Pour traiter cette histoire de famille et obtenir un saisissant effet de réalisme, Robert Guédiguian peut s’appuyer sur sa famille de cinéma. Epouse et muse, Ariane Ascaride a joué à 19 reprises dans les films de Guédiguian. Gérard Meylan (18 fois) et Jean-Pierre Darroussin (16 fois) sont des compagnons de toujours. Mais Robinson Stévenin (4 fois), Anaïs Demoustier (3 fois), Lola Naymark (3 fois) et Grégoire Leprince-Ringuet (2 fois) ont aussi trouvé leur place dans cette belle « famille ».
A chacun et à… Marseille, le cinéaste a construit un personnage singulier et riche. Richard (Darroussin) est un homme bien et qui est très touchant quand il dit à Sylvie qu’il est jaloux de la voir si souvent avec son ex-mari. Parfaite lorsqu’elle marche dans la grisaille d’une aube pesante, Ariane Ascaride (couronnée meilleure actrice à la Mostra de Venise) est émouvante quand elle livre les secrets de son passé de mère courage. Cassante, Mathilda (Anaïs Demoustier) est surtout parfaitement paumée. Et il en va de même de Nico (Stévenin) qui ne sait plus comment permettre à sa femme de survivre. Quant Grégoire Leprince-Ringuet et Lola Naymark (Bruno et Aurore), ils n’ont pas le beau rôle en jeunes entrepreneurs qui haïssent les « minables » et veulent être ces « premiers de cordée » chers à Macron… Lola Naymark a sans doute la scène la plus impressionnante de Gloria Mundi, celle où une femme entièrement voilée vient lui vendre un ustensile de cuisine. Elle lui propose une somme modique, réclame une carte d’identité et exige de voir le visage de sa cliente. Celle-ci, au bout d’un temps qui semble infini, écarte son voile et dévoile un beau visage sur lequel coule une larme…
Quant à Daniel (Meylan), le réalisateur a eu la belle idée de faire de cet ex-taulard, un… poète.

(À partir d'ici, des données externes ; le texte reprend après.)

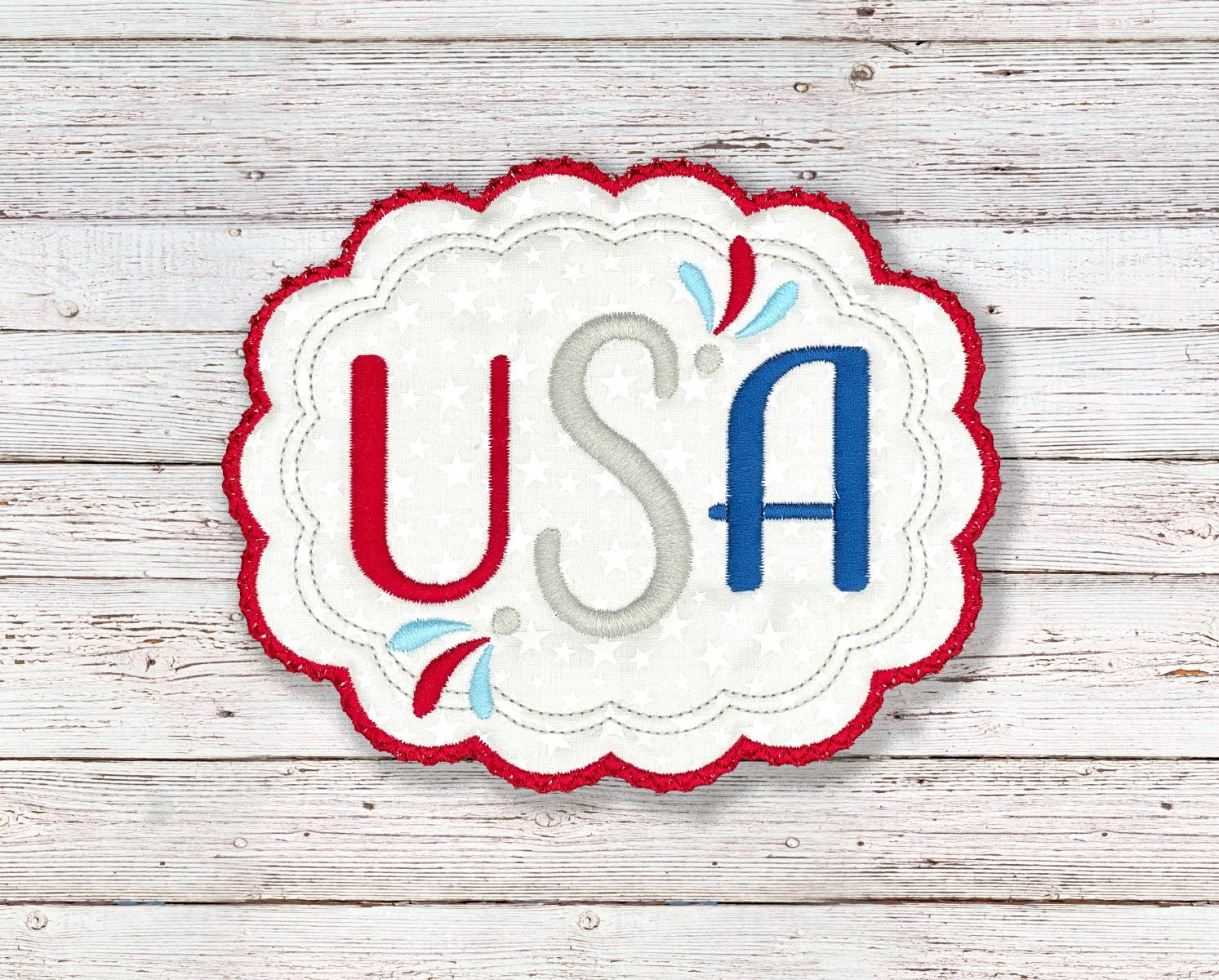 ITH Patriotic USA Mug Rug | Machine Embroidery Designs by JuJu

Ses haïkus (La mort nous poursuit La vie nous rattrape Un certain temps) lui permettent de ne plus penser à rien quand il les compose…
En faisant référence à la locution latine Sic transit gloria mundi qui appartient au rituel d’intronisation des papes et est censée rappeler au nouveau souverain pontife qu’il n’est qu’un homme et qu’il doit se garder de tout orgueil et de toute vanité, le cinéaste évoque-t-il a contrario, ces humains laissés pour compte du système ? Ceux qui se sentent des moins que rien et dont l’orgueil est seulement de survivre dans un monde livré à l’individualisme forcené…
Montrer le monde tel qu’il pourrait être ou le montrer tel qu’il est, Guédiguian l’a souvent fait. Dans Gloria Mundi, beau film polyphonique, il nous émeut dans d’ultimes images tragiques sur lesquelles s’élèvent les accents déchirants et magnifiques de la Messe du requiem de Verdi par Toscanini.
GLORIA MUNDI Drame (France – 1h47) de Robert Guédiguian avec Ariane Ascaride, Jean-Pierre Darroussin, Gérard Meylan, Anaïs Demoustier, Robinson Stévenin, Lola Naymark, Grégoire Leprince-Ringuet, Diouc Koma, Adrien Jolivet. Dans les salles le 27 novembre.